Waiman Long <longman@xxxxxxxxxx> · Wed, 15 May 2024 10:09:30 -0400

On 5/14/24 21:31, Ming Lei wrote:
__blkcg_rstat_flush() can be run anytime, especially when blk_cgroup_bio_start
is being executed.

If WRITE of `->lqueued` is re-ordered with READ of 'bisc->lnode.next' in
the loop of __blkcg_rstat_flush(), `next_bisc` can be assigned with one
stat instance being added in blk_cgroup_bio_start(), then the local
list in __blkcg_rstat_flush() could be corrupted.

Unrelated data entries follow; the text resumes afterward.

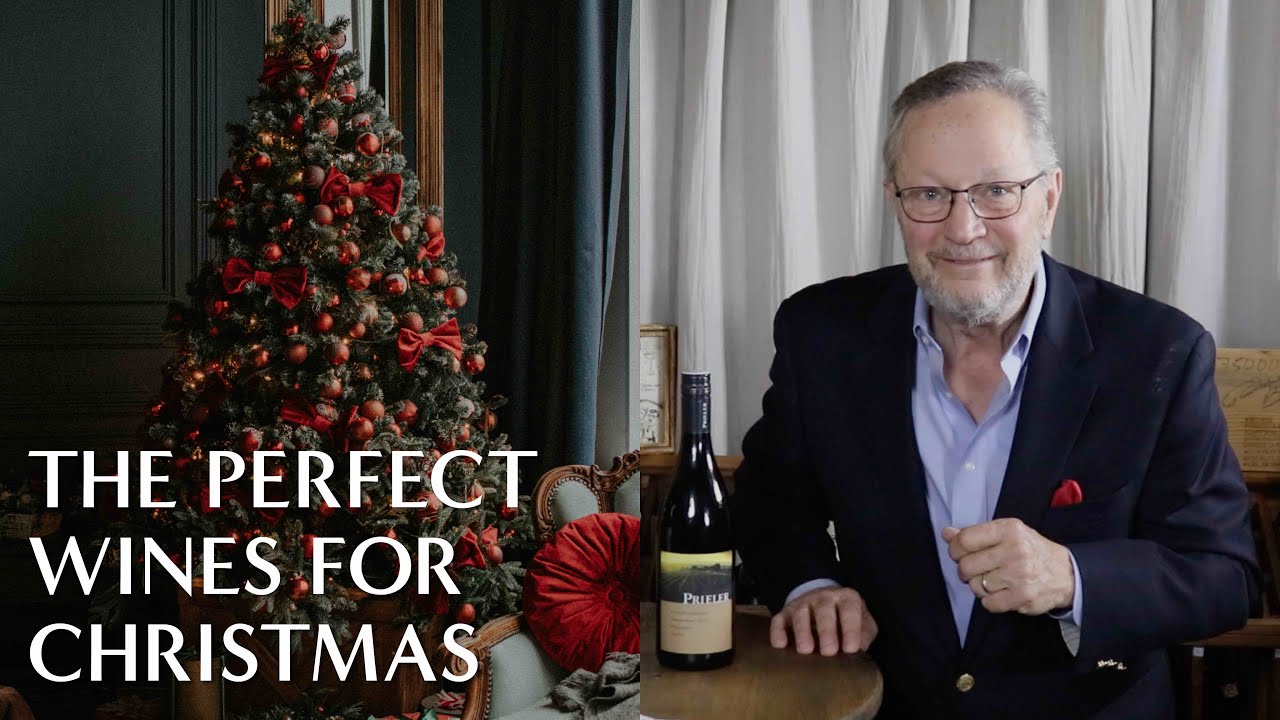 The 2 Best Wines for Christmas - Celebrate Like a Sommelier This Holiday Season!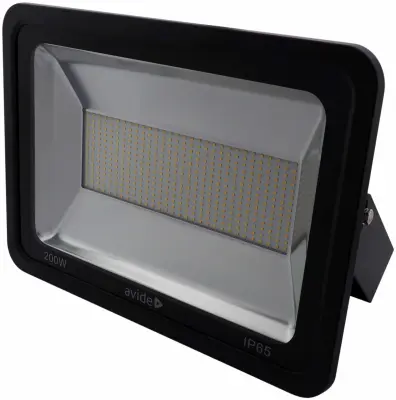 LED reflektor 200W 16000lm nevtralno beli 4000K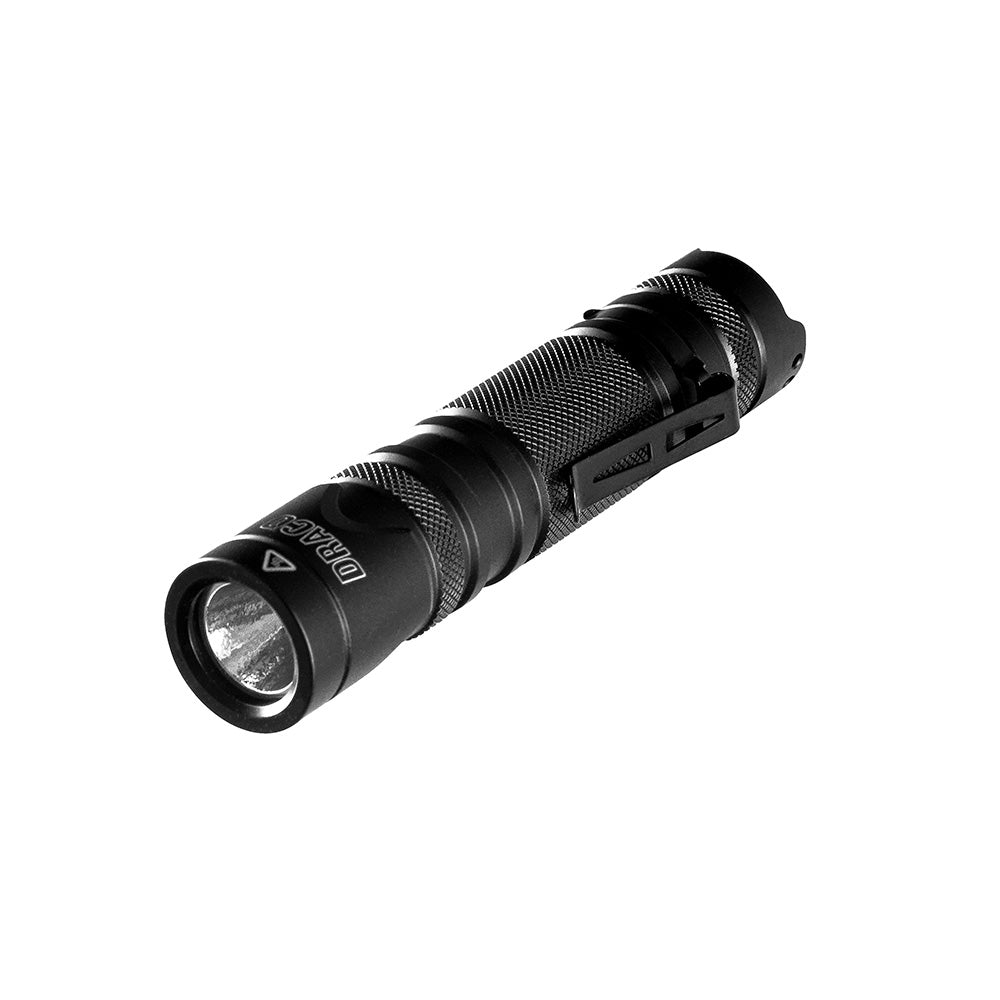 LANTERNA TÁTICA DRACO PRO 1000 LÚMENS - INVICTUS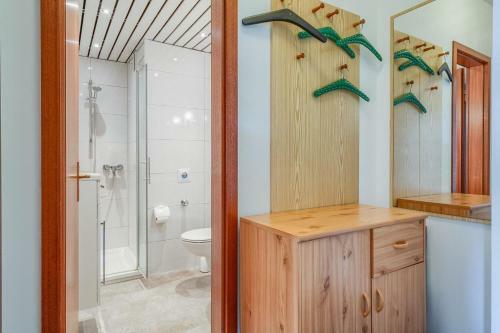 Apartamento Strandhausvilla Wohnung 1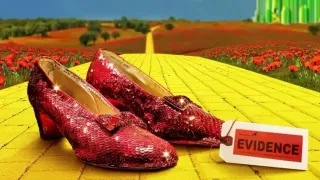 Hulu’s New Doc 'Ruby Red-Handed' Unlaces the Tale of the Stolen Slippers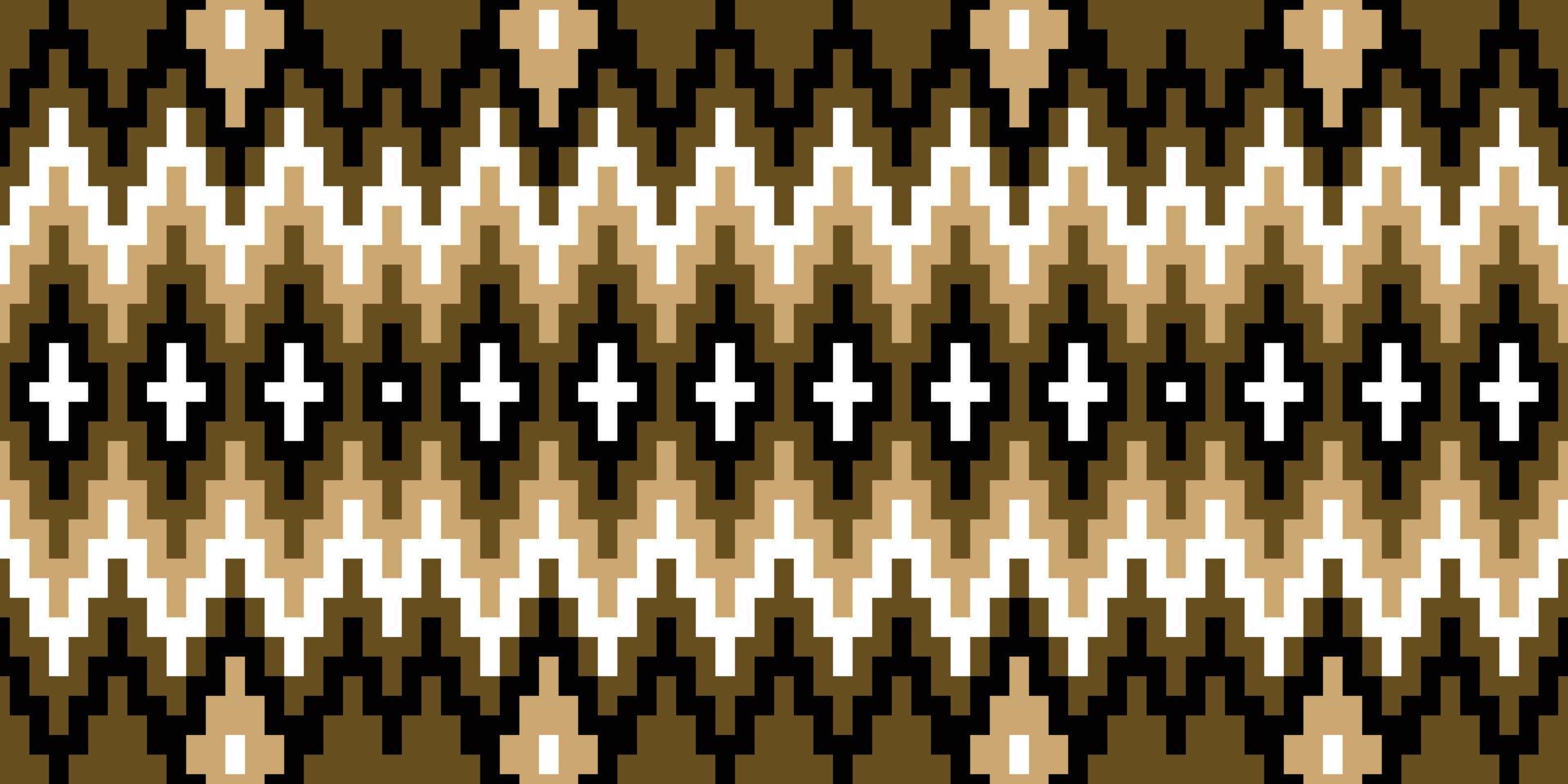 diseño de patrones sin fisuras étnicos geométricos tradicionales afroamericanos. tela azteca alfombra ornamento chevron textil decoración papel tapiz. fondo de bordado de pavo boho tribal vector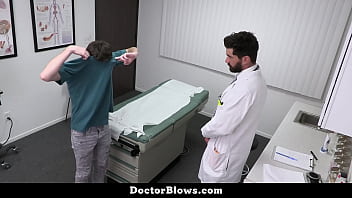 Gay doctor having some medical sex with is patient doctorblows Gay doctor having some medical sex with is patient doctorblows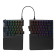 ASUS ROG Falcata 75pc Split Gaming Keyboard in Black with ROG HFX V2 Magnetic Switches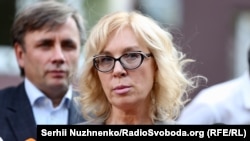 За словами Денісової, посол сприяти тому, щоб італійські суди враховували позицію України при розгляді справ проти українців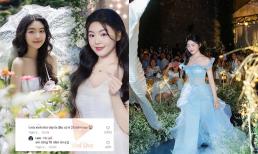 Con gái Quyền Linh hiếm hoi nói về chuyện tình cảm của bản thân, xinh đẹp và tài năng là thế nhưng cũng 'bất ổn' 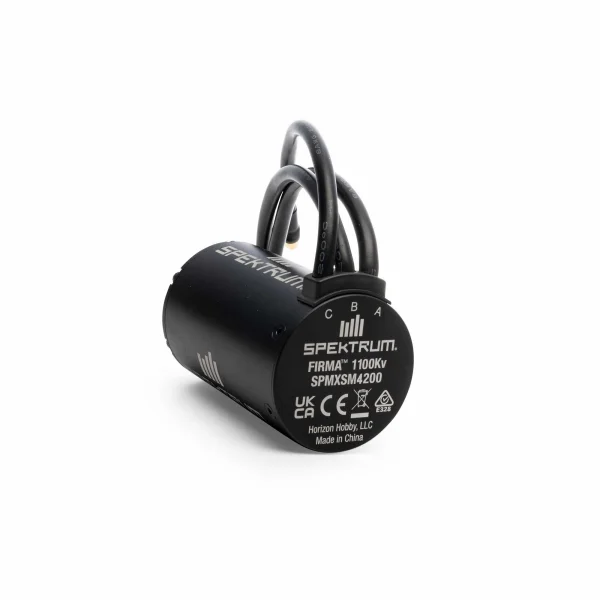 Firma 5687 1100KV 4-Pole Brushless Motor - 8mm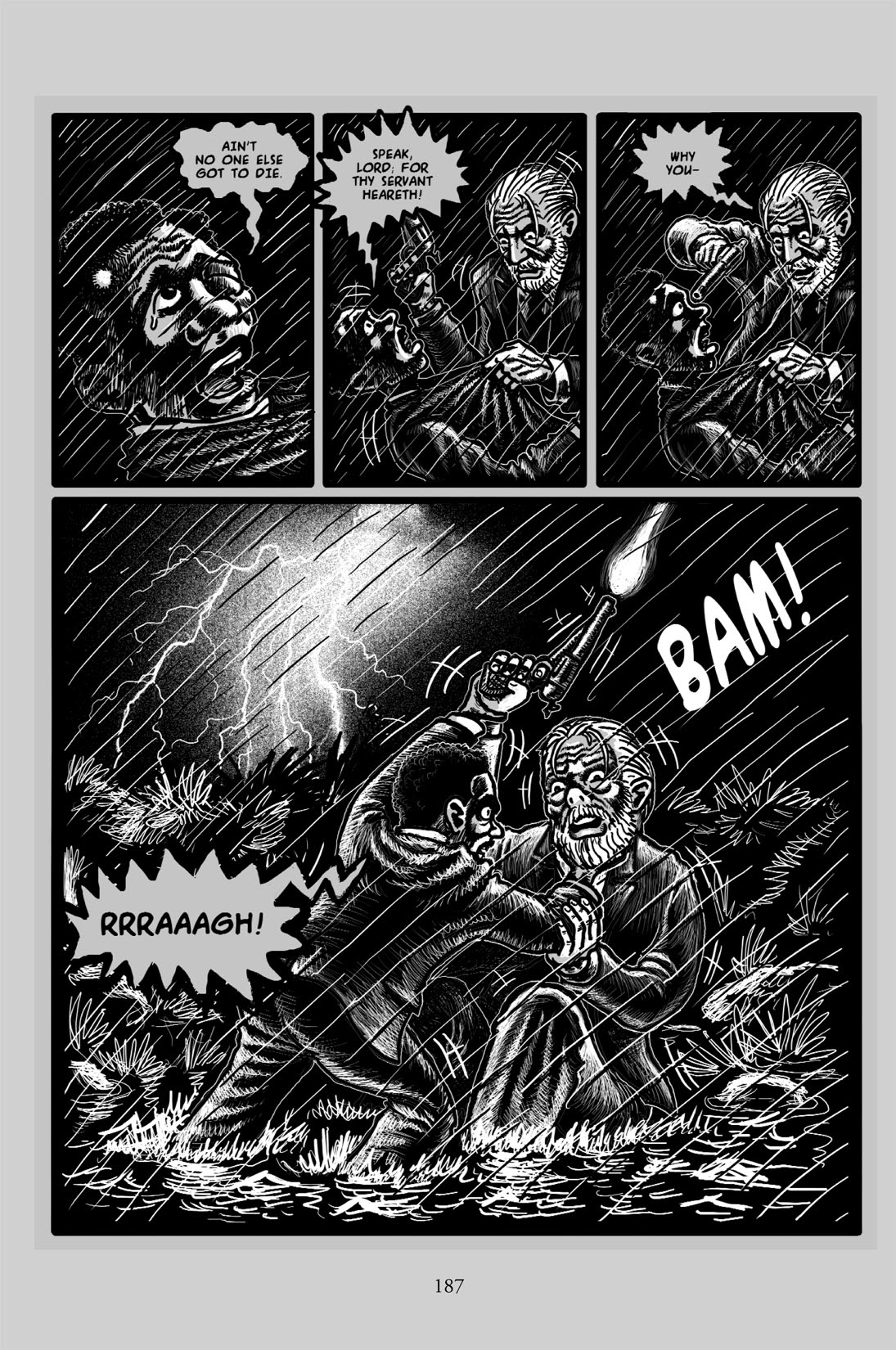 Read online Bluesman comic -  Issue # TPB (Part 2) - 76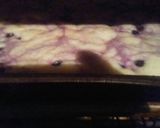 A picture of step 6 of Blueberry Cobbler.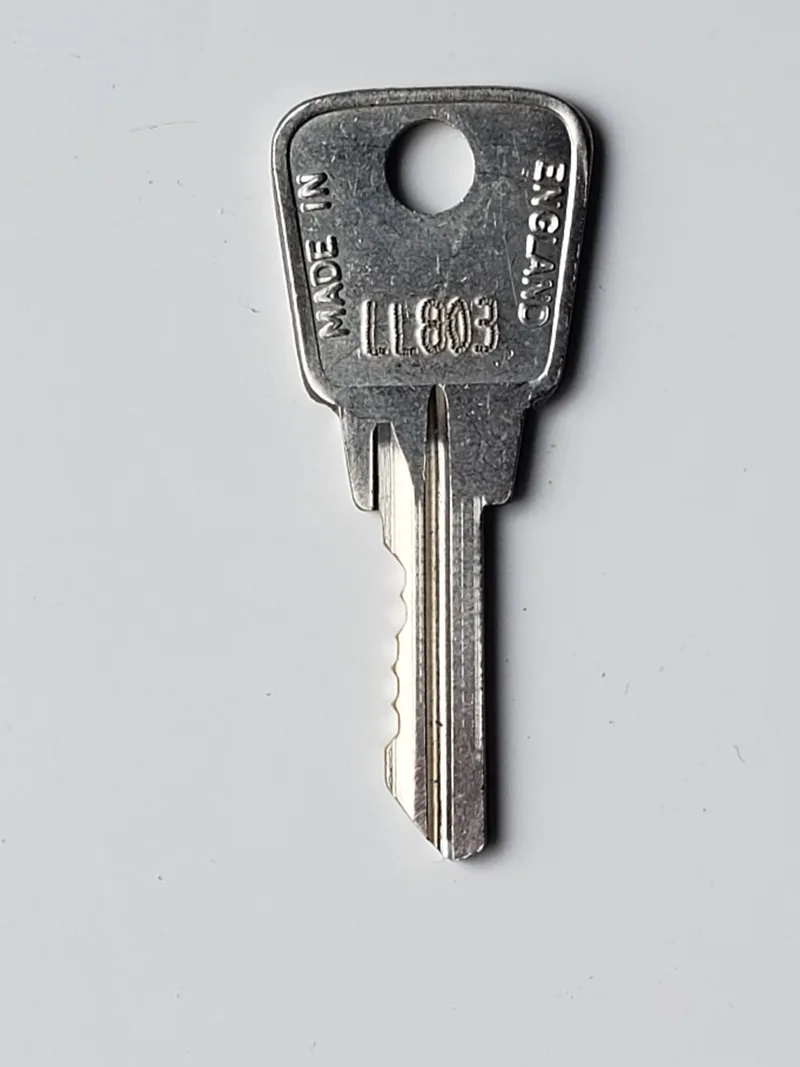 LL803 Switch Key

Fix the issue by adding one barrier.

Cc: Tejun Heo <tj@xxxxxxxxxx>
Cc: Waiman Long <longman@xxxxxxxxxx>
Fixes: 3b8cc6298724 ("blk-cgroup: Optimize blkcg_rstat_flush()")
Signed-off-by: Ming Lei <ming.lei@xxxxxxxxxx>
---
  block/blk-cgroup.c | 10 ++++++++++
  1 file changed, 10 insertions(+)

diff --git a/block/blk-cgroup.c b/block/blk-cgroup.c
index 86752b1652b5..b36ba1d40ba1 100644
--- a/block/blk-cgroup.c
+++ b/block/blk-cgroup.c
@@ -1036,6 +1036,16 @@ static void __blkcg_rstat_flush(struct blkcg *blkcg, int cpu)
  		struct blkg_iostat cur;
  		unsigned int seq;
  
+		/*
+		 * Order assignment of `next_bisc` from `bisc->lnode.next` in
+		 * llist_for_each_entry_safe and clearing `bisc->lqueued` for
+		 * avoiding to assign `next_bisc` with new next pointer added
+		 * in blk_cgroup_bio_start() in case of re-ordering.
+		 *
+		 * The pair barrier is implied in llist_add() in blk_cgroup_bio_start().
+		 */
+		smp_mb();
+
  		WRITE_ONCE(bisc->lqueued, false);

I believe replacing WRITE_ONCE() by smp_store_release() and the 
READ_ONCE() in blk_cgroup_bio_start() by smp_load_acquire() should 
provide enough barrier to prevent unexpected reordering as the 
subsequent u64_stats_fetch_begin() will also provide a read barrier for 
subsequent read.

Cheers,
Longman

  
  		/* fetch the current per-cpu values */